* **WORK TASK**
Pictures stay out. Everything else in the listing below gets written out exactly.

==== DATA SECTION ====

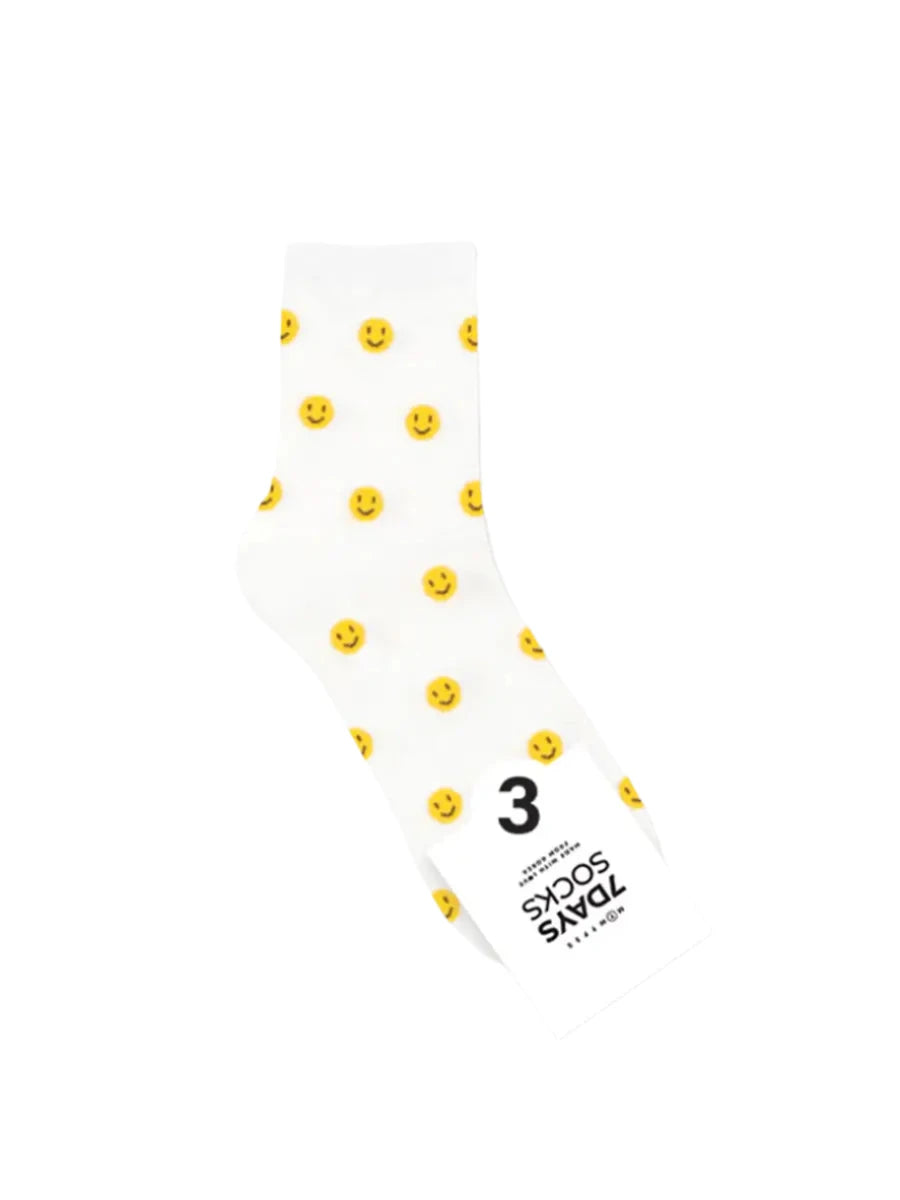 White socks with yellow floral patterns on a white background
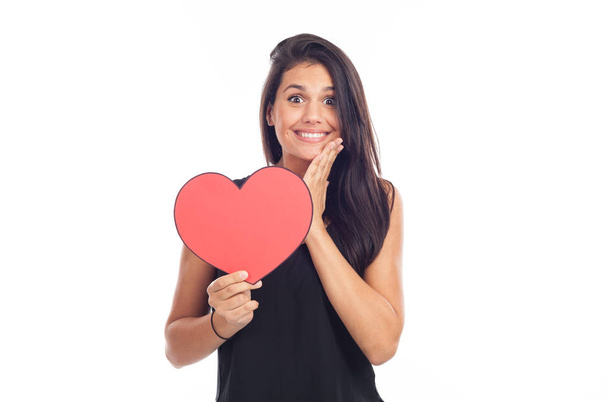 beautiful brunette woman showing big blank red heart on white backdrop, happy valentines day concept - Foto, Imagem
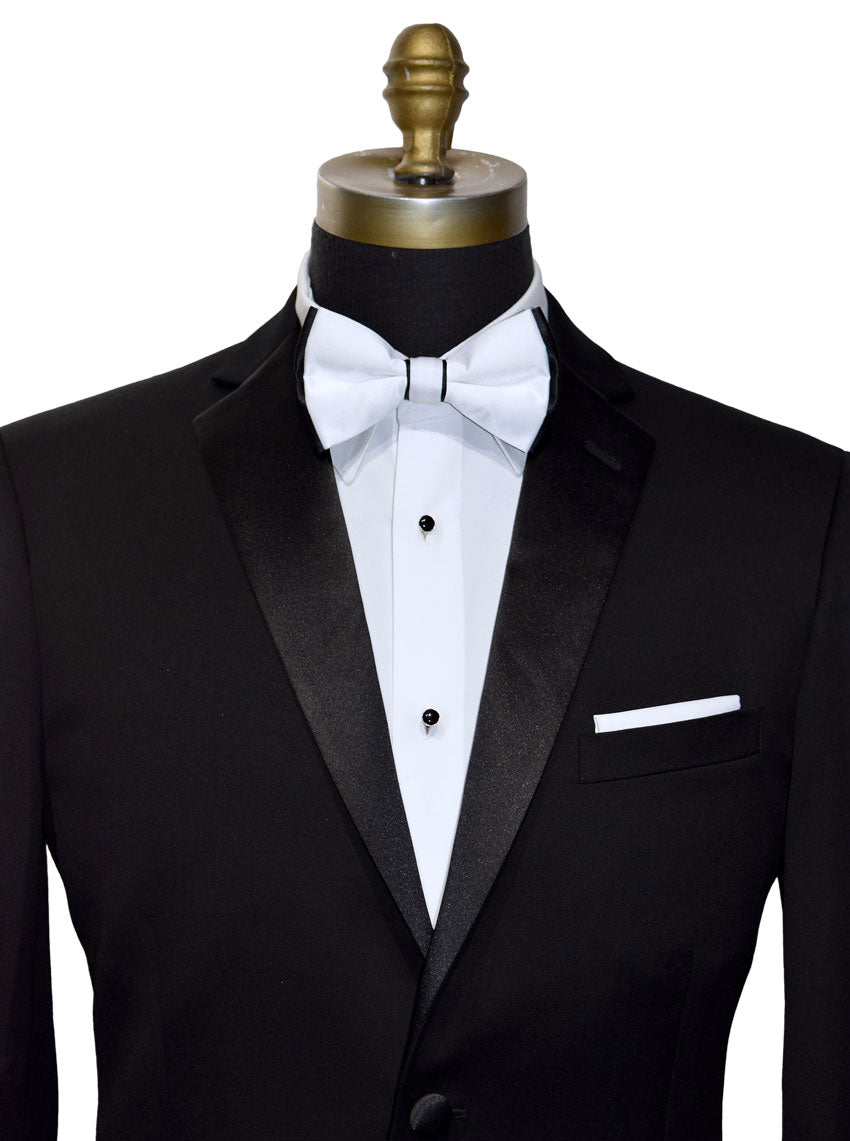 mannequin earing a black tuxedo with a white bowtie with black on the edges of the bowtie against a white background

====

* **TASK SOLUTION**
 White socks with yellow floral patterns on a white background
 beautiful brunette woman showing big blank red heart on white backdrop, happy valentines day concept - Foto, Imagem
 mannequin earing a black tuxedo with a white bowtie with black on the edges of the bowtie against a white background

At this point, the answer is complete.